Table of Contents

  • It is fifty years since the Treaty of Rome was signed. The treaty created the European Economic Community, set the goal of ever closer union among the peoples of Europe and laid down the “four freedoms” where goods, services, people and capital could move freely among the member countries. The results have been impressive. It has brought prosperity, the single market for goods among 500 million consumers works fairly well, and there has been good progress in reshaping network industries and financial markets. The union has grown from 6 to 27 countries, 13 of which now share a single currency. The European Union (EU) now has a larger GDP than the United States, it is the world’s biggest exporter, and European companies are among the global leaders in most industries.

  • This chapter reviews the key challenges for the European Union. The main requirements are product and labour market reforms to boost growth and employment. Like all developed economies, Europe faces the longer term challenges of globalisation and population ageing. Europe as a whole has done well out of globalisation but some regions have struggled to adapt, and they need to boost their adjustment capacity and innovation levels. The roles of the EU include strengthening the single market, encouraging stronger competition across Europe and living up to global responsibilities such as trade reform and addressing climate change.

  • This chapter reviews the internal market. It puts particular emphasis on the services sector, which is the main area where further progress is necessary, and discusses the potential impact that the services directive might have. It also reviews network industries, including energy, telecommunications and ports. Electricity and gas liberalisation is needed to create stronger competition and more integrated markets.

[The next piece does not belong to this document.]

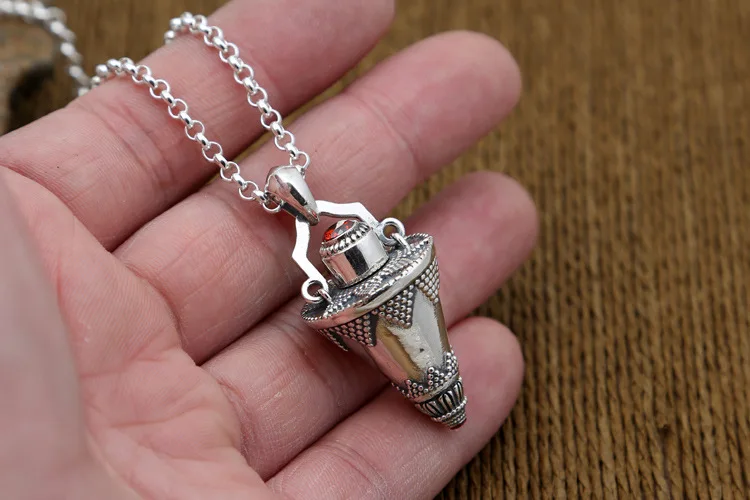 S925 sterling silver jewelry vintage Thai silver fashion men and women stupa black box sweater chain pendant
S925 sterling silver jewelry vintage Thai silver fashion men and women stupa black box sweater chain pendant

  • This chapter discusses unfinished business in financial markets. The main challenges include greater integration of retail banking, deeper corporate finance markets and stronger financial surveillance. The chapter discusses the role that can be played by the Financial Services Action Plan, mortgage market reform, the Single Euro Payments Area (SEPA), the MiFID, mutual funds and banking supervision.

  • The Commission has put considerable emphasis on its Better Regulation agenda over the past few years. This chapter first provides an overview of law-making at the community level. It then reviews the Union’s regulatory approach and makes some recommendations for improving the framework further.

  • This chapter discusses competition policy reform. It reviews leniency programmes, individual and criminal sanctions, abuse of dominance and state aid reform.

  • EU policies will have a decisive influence on developments in world trade. The EU is the world’s leading exporter and second-leading importer of goods, and the biggest trader of commercial services. Along with the other major trading blocs, decisions by the EU will have a major influence on whether the multilateral approach to world trade will continue to dominate or whether trade arrangements splinter into regional and bilateral agreements. Agricultural policies in particular will influence whether the Doha round can be concluded successfully, where success is measured by major cuts in trade-distorting domestic subsidies, the elimination of all forms of export subsidies and better market access worldwide. Concerning other trade issues, EU tariffs on manufactured products are relatively low except for certain processed food products, but its complex web of preferential trade deals makes access more difficult for those left out. In services, there is little discrimination against foreigners – except in the professions – but anything that undercuts the internal market for services also hampers provision from outside the EU.

  • Successive rounds of enlargement have given an increasingly important role to the Union’s regional cohesion policy and its ambitious aim of reducing regional income disparities. This chapter offers policy options to raise the impact of cohesion policy.

  • The free movement of persons is a key objective of the European Union as it can foster the sense of European citizenship and enhance the working of the EU economy. This chapter reviews recent trends in labour mobility in the Union with a special focus on migration from the new member states. It then discusses how policy reforms can help to lower barriers to labour mobility between EU countries.